The chase scene, in which the adults chase the kids on their bicycles, that leads to the final emotional moment as E.T. must return with his own family is thrilling and it succeeds in fulfilling childhood dreams—haven’t you ever daydreamed about your own bicycle flying? That’s right—E.T. makes the kids fly on their bikes and it’s a wonderfully pleasing moment. It’s one of the most magical moments I’ve ever seen in a movie.

Oh, and of course in that sequence, there has to be at least one kid who’s scared of heights—“Tell me when it’s over!”

All of the young actors are spot-on. Henry Thomas as Elliott possibly delivers one of the best child performances seen in a movie. He’s perfectly natural, always convincing, has a real energy to himself, and when all is said and done, he’s still a kid. He’ll get greedy, he’ll get whiny, he’ll get touched, he’ll get excited, etc. Robert MacNaughton and Drew Barrymore are good, and the other three young actors playing the friends—K.C. Martel, C. Thomas Howell, and Sean Frye—are appealing.

What have I left out?
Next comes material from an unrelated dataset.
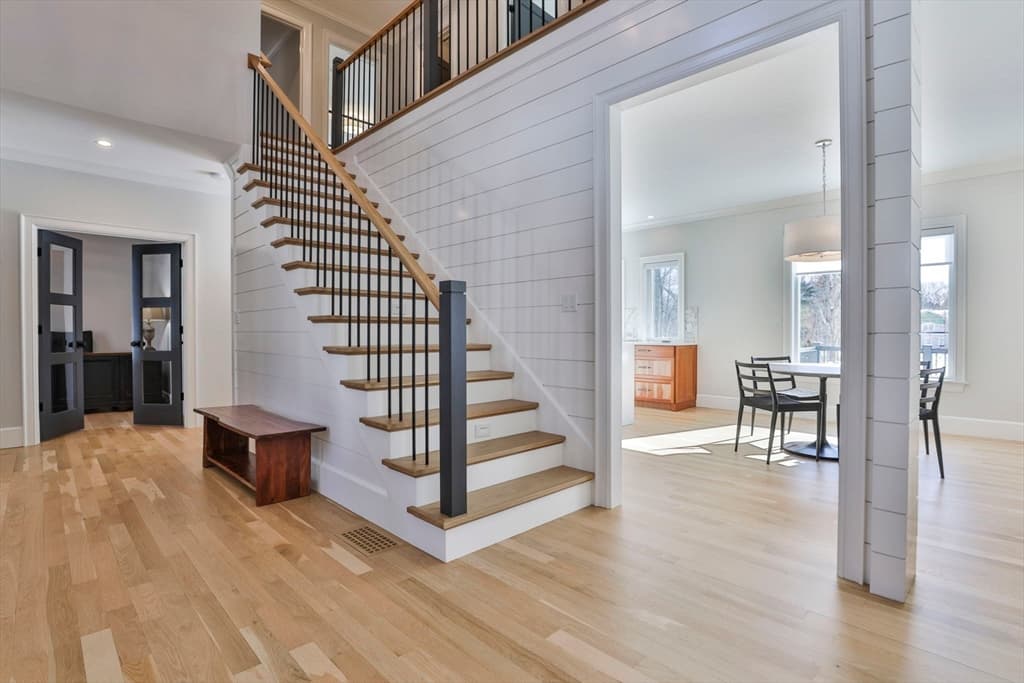 Single Family Residence at 1 Whisper Way, Hopkinton MA 01748, photo 4 of 40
The memorable music score by John Williams, sequences involving Elliott showing E.T. some random things in his bedroom, Elliott’s emotional (and telepathic) connection with E.T., the moment where we fear the worst for poor E.T. and we actually feel something because of that, and the excellent final moment when E.T. bids farewell to his human friends and finally to his best friend Elliott. “E.T. the Extra-Terrestrial” mixes innocence, charm, adventure, joyfulness, and suspense, and the result is what reminded me of why I love movies.